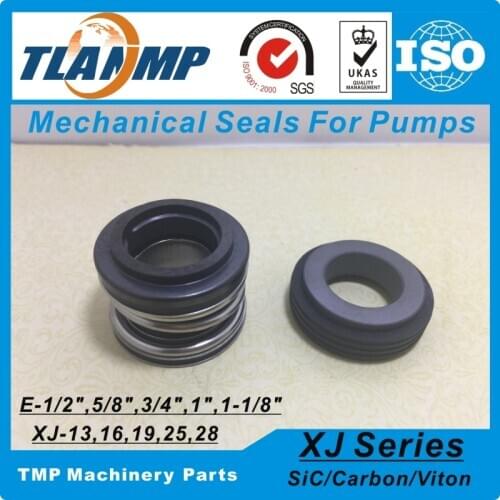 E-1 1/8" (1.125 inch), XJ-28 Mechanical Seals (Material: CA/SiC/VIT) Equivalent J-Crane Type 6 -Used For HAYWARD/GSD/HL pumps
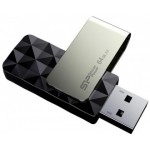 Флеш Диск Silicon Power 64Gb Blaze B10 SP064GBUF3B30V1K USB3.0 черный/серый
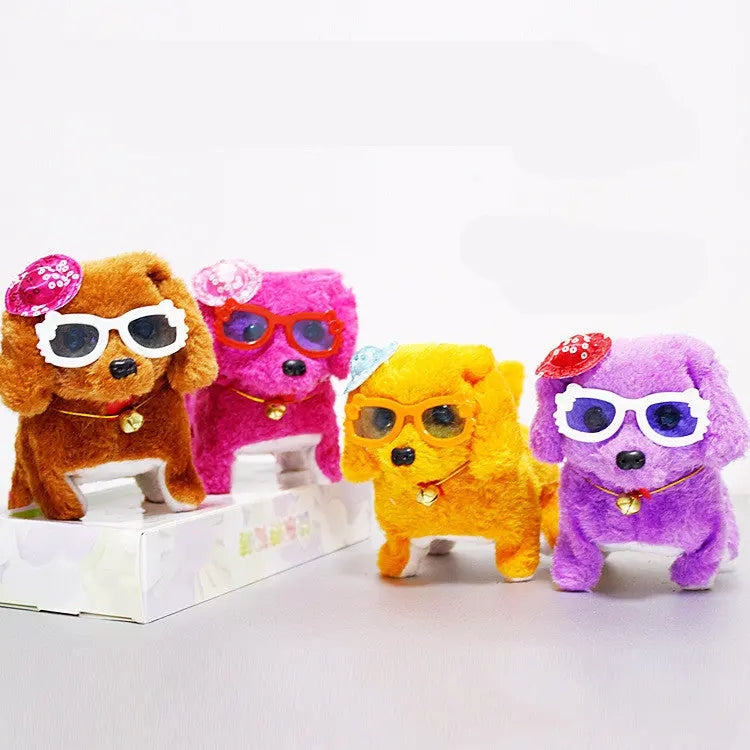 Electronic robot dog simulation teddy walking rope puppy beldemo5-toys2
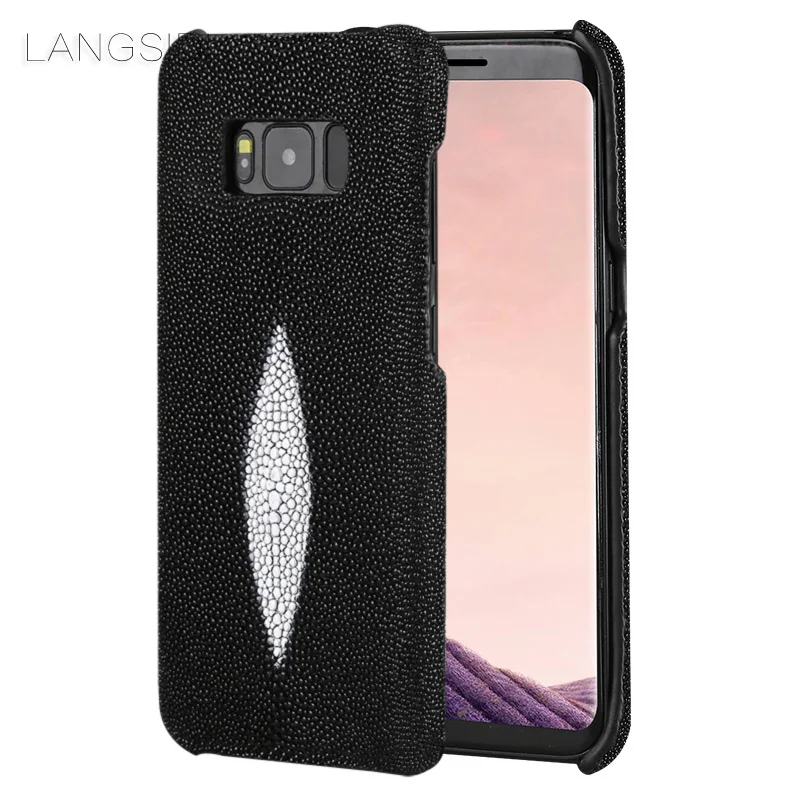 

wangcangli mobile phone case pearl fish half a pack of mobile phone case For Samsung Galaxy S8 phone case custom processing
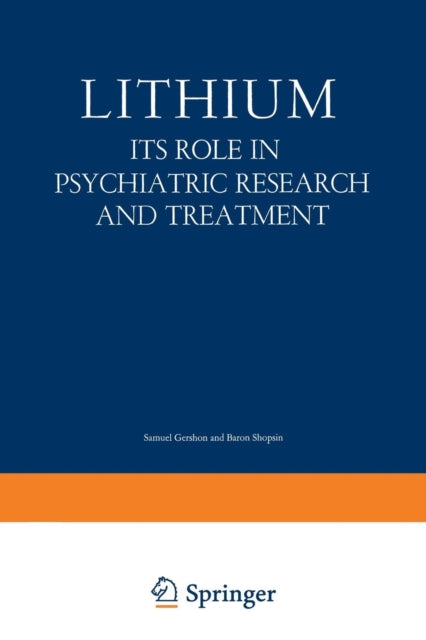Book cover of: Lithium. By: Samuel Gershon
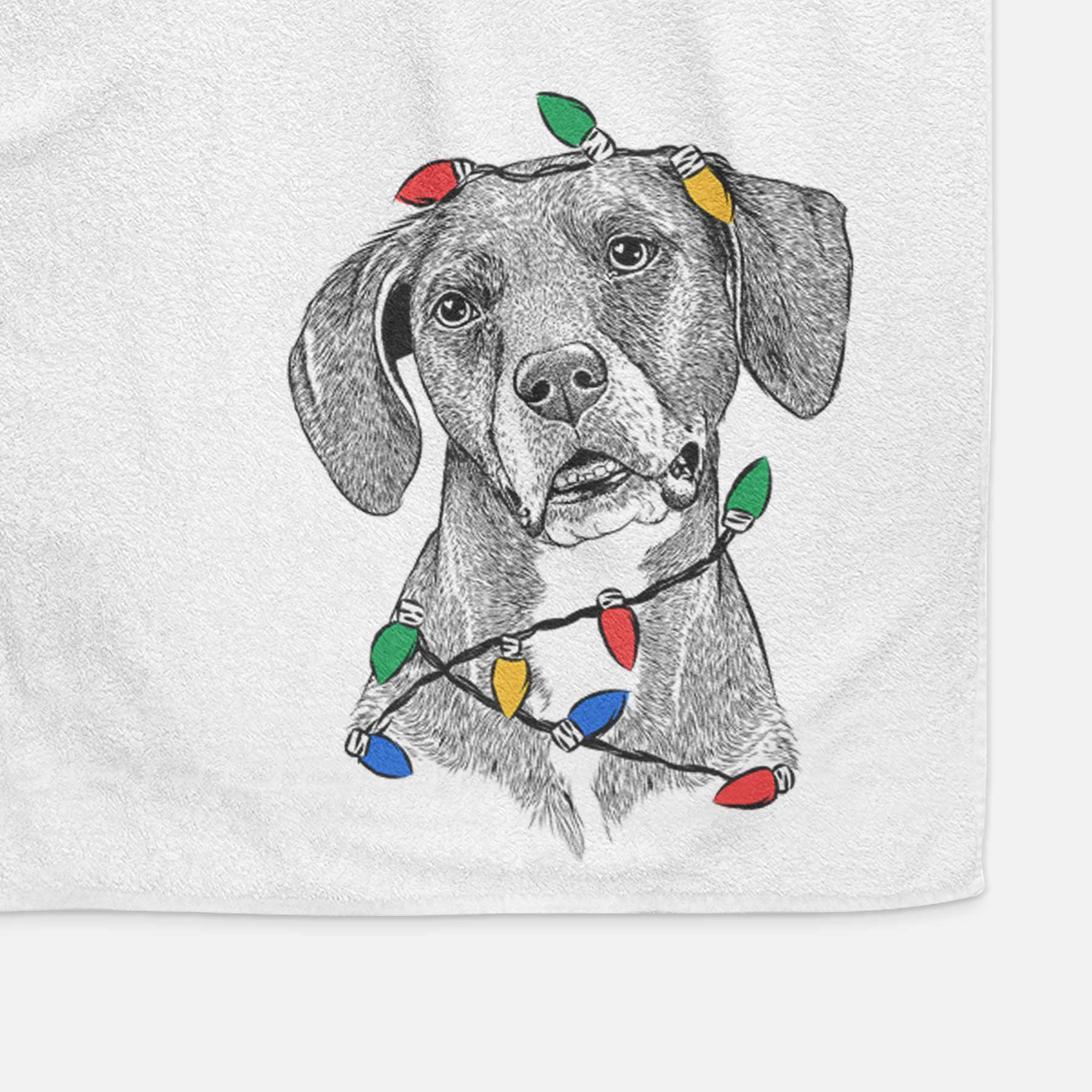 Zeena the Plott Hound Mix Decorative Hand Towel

----------------------------------------

— Task requirements —
Transcribe only the lines between the line containing "Флеш Диск Silicon" and the final line of the listing, inclusive, exactly as they appear; no pictures are to be included.

— Solution —
 Флеш Диск Silicon Power 64Gb Blaze B10 SP064GBUF3B30V1K USB3.0 черный/серый
 Electronic robot dog simulation teddy walking rope puppy beldemo5-toys2

wangcangli mobile phone case pearl fish half a pack of mobile phone case For Samsung Galaxy S8 phone case custom processing
Book cover of: Lithium. By: Samuel Gershon
 Zeena the Plott Hound Mix Decorative Hand Towel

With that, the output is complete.